FIGURE 5-10: Completed prototype circuit
FIGURE 5-11: Circuit diagram of completed prototype Night-Light circuit
Wire the Voltage Divider
Find your photoresistor (it should look like the one in Figure 5-7) and a 10 kΩ resistor. Recall that a 10 kΩ resistor has brown, black, and orange color bands, as shown in Figure 5-12. See “Resistors and Bands” on page 308 for details on how to determine the value of a resistor from its color bands.
FIGURE 5-12: 10 kΩ resistor (brown-black-orange)
With your parts in hand, build the voltage divider circuit as shown in Figure 5-13. It’s good practice to connect both power (5 V) and ground when setting up the breadboard for building circuits, so do that first. Find the ground rail (–) and the power rail (+) on the left side of your breadboard. Connect 5 V on the Arduino to the power rail, and connect GND on the Arduino to the ground rail.
FIGURE 5-13: Completed voltage divider, using the photoresistor
Next, plug the photoresistor in near the bottom of the breadboard, with each leg in its own row. Plug one side of the 10 kΩ resistor into the same row as one of the photoresistor legs (connecting the two together), and plug the other side of the resistor into a row by itself. Add a wire to connect the 5 V power rail (+) to the photoresistor leg that isn’t connected to the resistor. Then, add another wire to connect the ground rail (–) to the resistor leg that’s in a row by itself.
Finally, connect the photoresistor to the Arduino by running a wire from the breadboard row that’s shared with both a leg from the resistor and a leg from the photoresistor to the Arduino analog input pin A0. This wire is often called the output voltage of the photoresistor, or the signal wire. The analog input pins, A0–A5, can all be used to measure a range of voltages.
Notice how the breadboard circuit looks a lot like the diagram in Figure 5-9. This is one of the most basic sensor circuits used in Arduino projects. Many other analog sensors, like sensors for flex, temperature, and pressure, are variable resistors, too. To experiment with one of those later, just replace the photoresistor with that sensor.
Wire the RGB LED
Remember the Stoplight circuit in Project 2? That project had three LEDs. The RGB LED basically squishes those three LEDs together. The RGB LED has four legs, and the longest leg is the common cathode (negative) leg. With your RGB LED oriented as in Figure 5-5, find the red leg. Plug the RGB LED into the breadboard so that the red leg is at the top and the longest leg is the second one down, as shown in Figure 5-14.
FIGURE 5-14: Adding the RGB LED to the voltage divider circuit
The two halves of the breadboard are divided by a ditch that separates the rows. Plug the RGB LED into the right side, starting with the red pin in row 4.

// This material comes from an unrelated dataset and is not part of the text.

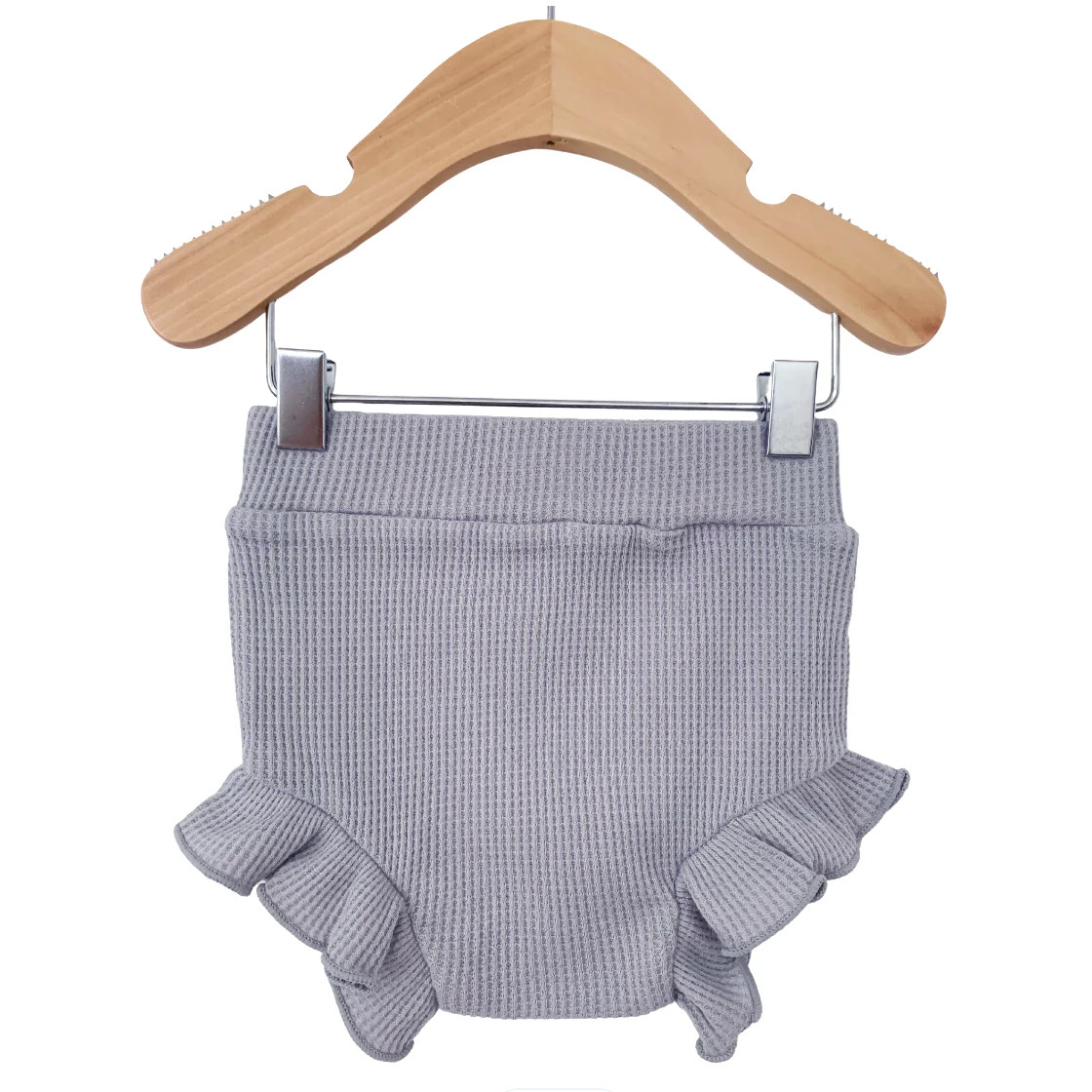 Organic Waffle Ruffle Bloomer, Silver | SpearmintLOVE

Next, find three 330 Ω resistors; their color bands are orange-orange-brown. Use the three resistors to bridge the red, green, and blue pins across the ditch to open rows on the other side, as shown in Figure 5-14. The resistors need to straddle the ditch so that the two ends of the resistors aren’t shorted together. Run a wire from the common cathode (negative) leg of the LED to the ground rail on the left side of the breadboard. Finally, connect the three pins of the RGB LED to the Arduino by running a wire from pin 11 on the Arduino to the resistor connected to the red pin on the breadboard, pin 10 on the Arduino to the resistor for the green pin on the breadboard, and pin 9 on the Arduino to the resistor for the blue pin on the breadboard. When you’re done, it should resemble the diagram in Figure 5-14. Notice that the red, green, and blue wires correspond to the red, green, and blue positive legs on the LED.

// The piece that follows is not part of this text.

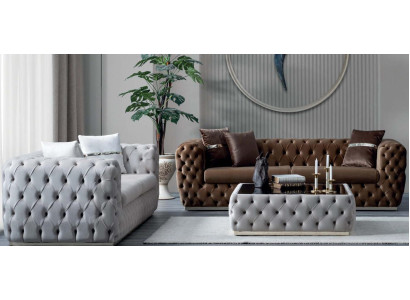Wohnzimmer Set 2x 3-Sitzer-Sofa Stil modern Farbe braun weiß weich neu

With the RGB LED hooked up, you can control each color like a separate LED, using pins 9, 10, and 11. Open up the Arduino IDE, and let’s play with this idea!
TEST THE NIGHT-LIGHT WITH BASIC COLOR MIXING
You’ll tackle a few new concepts with this project, starting with how to mix colors using an RGB LED. The RGB LED is really three LEDs in one, and you need to treat it that way in your code. Create a new sketch, and replace the default code with the setup() and loop() functions in Listing 5-1.
LISTING 5-1: A simple code example to display cyan on the RGB LED
➊ pinMode(11, OUTPUT); //red
pinMode(10, OUTPUT); //green
pinMode(9, OUTPUT); //blue
➋ digitalWrite(11, LOW); //red
➌ digitalWrite(10, HIGH); //green
➍ digitalWrite(9, HIGH); //blue
Each pin that controls the RGB LED needs its own pinMode() function to set that pin as an OUTPUT ➊. Previous projects used the digitalWrite() function to turn LEDs on and off with individual pins, and you’re going to do the same with the RGB LED. Using the color wheel in Figure 5-6, choose from any of the colors represented. We selected cyan, the combination of green and blue. To create cyan, you need to turn on the green ➌ and blue ➍ LEDs using the digitalWrite() function. To make sure that the red LED is off, the code also needs a third digitalWrite() function ➋.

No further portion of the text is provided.